Deep Dive
Embedding Pipeline

Embedding Pipeline

The Embedding Pipeline is responsible for embedding and storing documents using a specified embedding model and database. It chunks the text into manageable pieces, transforms them based on metadata, generates embeddings, and stores the embedded chunks in the database.

Basic Embedding Pipeline

The BasicEmbeddingPipeline is a simple implementation of the EmbeddingPipeline abstract base class. It provides a straightforward way to embed and store documents using a specified embedding model and database.

Initialization

The BasicEmbeddingPipeline is initialized with an embedding_provider, vector_db_provider, text_splitter, an optional logging_connection, embedding_batch_size, and id_prefix.

Text Extraction

The extract_text method extracts text from a document and logs the execution to the database.

Text Transformation

The transform_text method transforms the extracted text before chunking, if necessary.

Text Chunking

The chunk_text method splits the transformed text into manageable chunks for embedding using the provided text_splitter.

Chunk Transformation

The transform_chunks method transforms the text chunks based on their metadata, such as adding prefixes. It logs the execution to the database.

Chunk Embedding

The embed_chunks method generates embeddings for each text chunk using the specified embedding model and embeddings provider.

Chunk Storage

The store_chunks method stores the embedded chunks in the vector database, with an option to upsert.

Pipeline Execution

The run method executes the embedding pipeline by initializing the pipeline, chunking the text (if specified), transforming the chunks, generating embeddings, and storing the embedded chunks in the database. It processes documents in batches based on the embedding_batch_size.
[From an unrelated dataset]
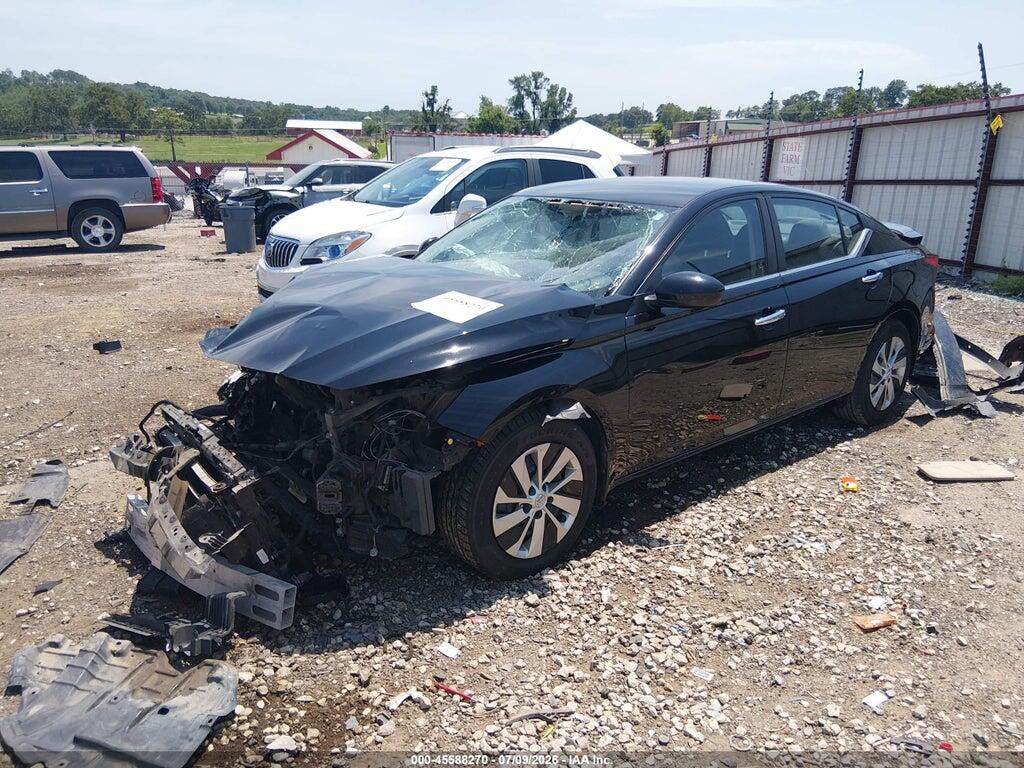 1N4BL4BV8LC210323 2020 NISSAN ALTIMA photo no. 2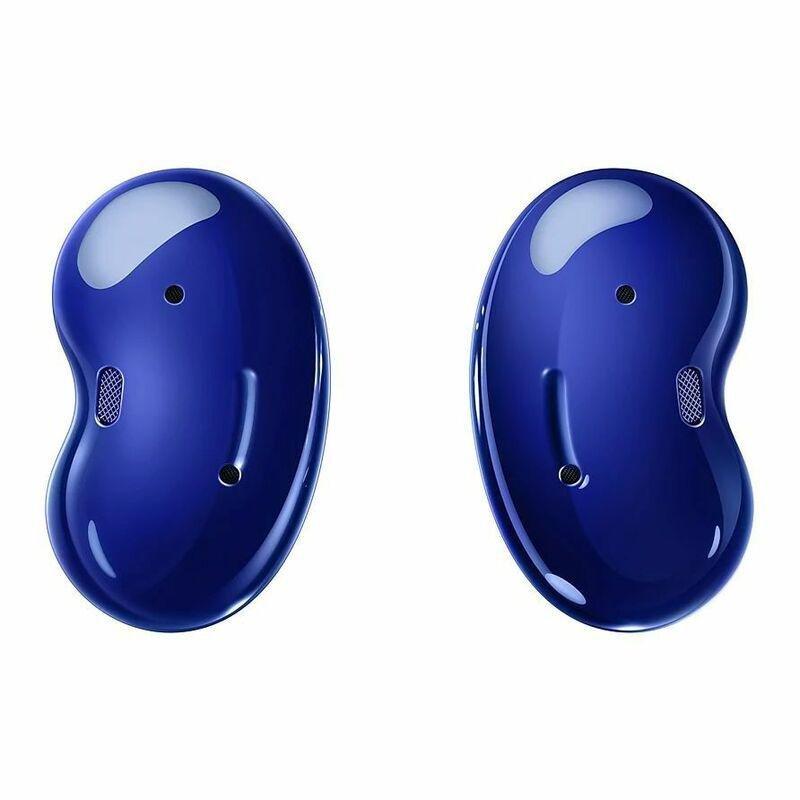Samsung Galaxy Buds Live Mystic Blue Wireless In-Ear Earphones, , large image number 0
Using a Custom Adapter (Reducto)

To use a custom adapter like ReductoAdapter with the Embedding Pipeline, you can pass it to the E2EPipelineFactory when creating the pipeline:

from r2r.core.adapters import ReductoAdapter
from r2r.main import E2EPipelineFactory, R2RConfig
from r2r.pipelines import IngestionType
 
app = E2EPipelineFactory.create_pipeline(
    config=R2RConfig.load_config(),
    adapters={
        IngestionType.PDF: ReductoAdapter(),
    },
)

In this example, we create an instance of the E2EPipelineFactory and provide a custom adapters dictionary that maps the IngestionType.PDF to an instance of ReductoAdapter. This allows the pipeline to use the ReductoAdapter for parsing PDF documents.
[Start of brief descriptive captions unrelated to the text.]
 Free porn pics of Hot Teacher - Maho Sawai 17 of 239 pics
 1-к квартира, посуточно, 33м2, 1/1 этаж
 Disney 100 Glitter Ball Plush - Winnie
By passing the custom adapter to the E2EPipelineFactory, the pipeline will automatically use it for processing PDF documents without requiring any modifications to the pipeline itself.
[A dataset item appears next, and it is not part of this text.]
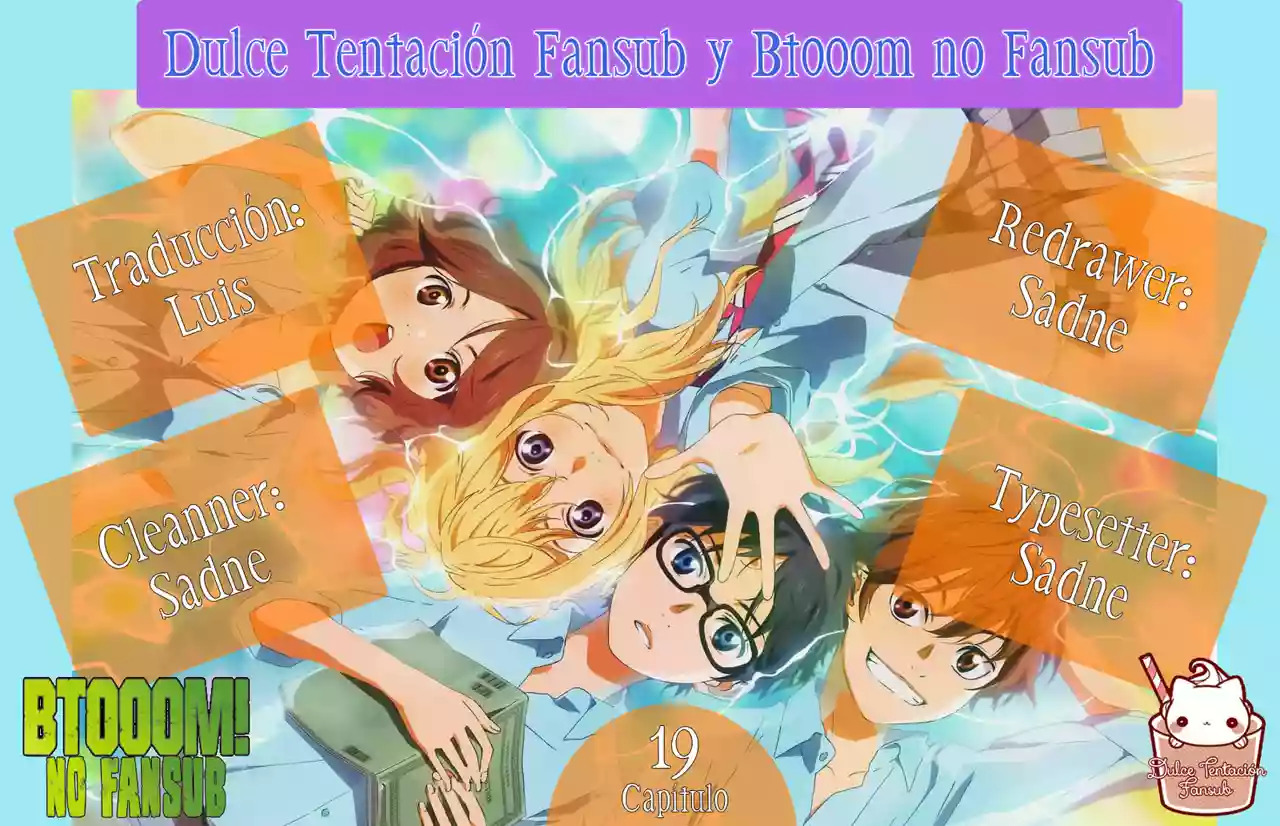 Read Shigatsu wa Kimi no Uso ES Manga Online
Fully Customizing the Embedding Pipeline

For more advanced customization, you can create a custom embedding pipeline by subclassing the EmbeddingPipeline abstract base class. Here's an example:

from r2r.pipelines import BasicEmbeddingPipeline
import textstat
 
class CustomEmbeddingPipeline(BasicEmbeddingPipeline):
    def __init__(
        self,
        embedding_provider: OpenAIEmbeddingProvider,
        vector_db_provider: VectorDBProvider,
        text_splitter: TextSplitter,
        logging_connection: Optional[LoggingDatabaseConnection] = None,
        embedding_batch_size: int = 1,
        id_prefix: str = "demo",
    ):
        super().__init__(
            embedding_provider,
            vector_db_provider,
            text_splitter,
            logging_connection,
            embedding_batch_size,
            id_prefix,
        )
 
    @log_execution_to_db
    def transform_chunks(
        self,
        chunks: list[str],
        metadatas: list[dict]
    ) -> list[str]:
        """
        Transforms text chunks based on their metadata and calculates readability scores.
        """
        transformed_chunks = []
        for chunk, metadata in zip(chunks, metadatas):
            readability_score = textstat.flesch_reading_ease(chunk)
            metadata["readability_score"] = readability_score
            transformed_chunks.append(chunk)
        return transformed_chunks
 
# Usage
from r2r.main import E2EPipelineFactory, R2RConfig
 
app = E2EPipelineFactory.create_pipeline(
    config=R2RConfig.load_config(),
    embedding_pipeline_impl=CustomEmbeddingPipeline,
)

In this example, we create a custom CustomEmbeddingPipeline class that inherits from the BasicEmbeddingPipeline class. We override the transform_chunks method to include readability scoring logic using the textstat library. The readability score is added to the chunk metadata.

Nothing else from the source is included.